Welcome to the Copenhagen British Embassy’s first Presidency blog

by Nick Archer,  Ambassador to Denmark.

What a difference six months make! The British Embassy Warsaw’s first Presidency blog, which I have just re-read, exuded can-do, optimism, celebration, naturally reflecting how the Poles looked forward to their time in the chair.

Beginning a Presidency now, in the crisis atmosphere created by the continuing travails of the euro and the eurozone, feels very different, both for the country – I suspect – and for this Embassy.

Will crisis management leave any time for low-key but necessary work to complete the single market and put the foundations in place for renewed growth across our continent?

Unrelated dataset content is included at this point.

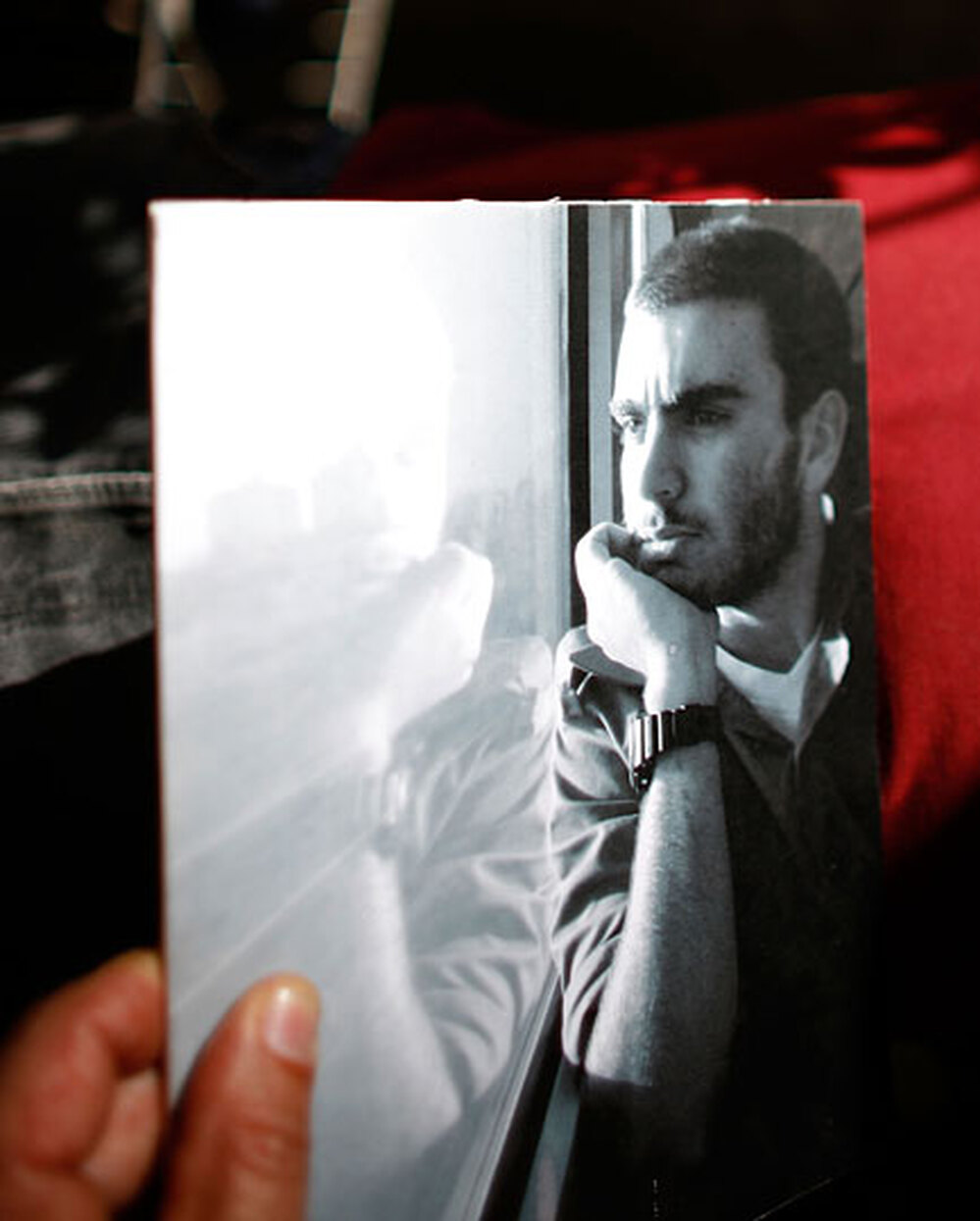 Klok Sa'ar holds a photo of his son, Yuval, who is serving in the Israeli army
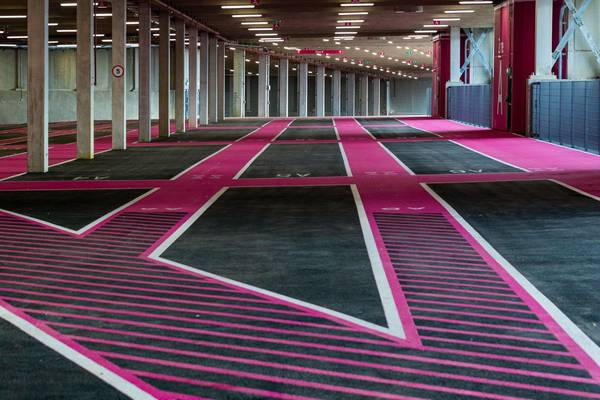 Interior view of Pink Parking at Wembley Park showing spacious parking bays with distinctive pink and black diagonal striped road markings, white bord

What are the upsides of doing a lot of unglamorous work shorn, now that the Lisbon Treaty is in place, of the grandstanding opportunities formerly afforded to a Head of Government and Foreign Minister? Can a small-country Presidency have any impact when the Big Boys are rampaging around as we have seen one or two do recently?

The Danish answer to such questions is, I think, do what you can and as well as you can. Play to your strengths – a respected bureaucracy, that Scandinavian reputation for probity and fair-dealing, the relative absence of national baggage, the realism of the veteran as opposed to the over-enthusiasm of the first timer – and emerge with the consolidated respect of your peers and some worthwhile, if not headline-worthy, achievements.

So that is where this Embassy is, too. Succumbing to the temptation to misquote Hamlet in my pre-Presidency scene-setting reports to London (as nearly all Ambassadors here do succumb in some context or other) I lighted on some words of Gertrude’s: ‘more matter with less art’. The team here has spent recent weeks and months getting its collective head around some pretty challenging matter – the ‘Revision of the Sulphur in Marine Fuels Directive’ sounds something of a show stopper. We’re now all ready to move from preparing the Presidency to helping the British government make a success of it as it unfolds, in myriad such subject areas.

But when will somebody fire the starting pistol? Or have I just not heard it? Tuesday morning I was in white tie at the Palace for the Diplomatic Corps exchange of new year greetings with Queen Margrethe; our greeting to Her, and Her’s to us, both made reference to the Presidency, but the first Council here (Justice and Home Affairs) is not until the last week of this month; what happens between now and then?

This blog, to which many of my Embassy colleagues will contribute, aims to give you a real sense of how a Presidency feels in real time, with stops and starts as well as the set-pieces. I hope you enjoy it enough to become a regular reader.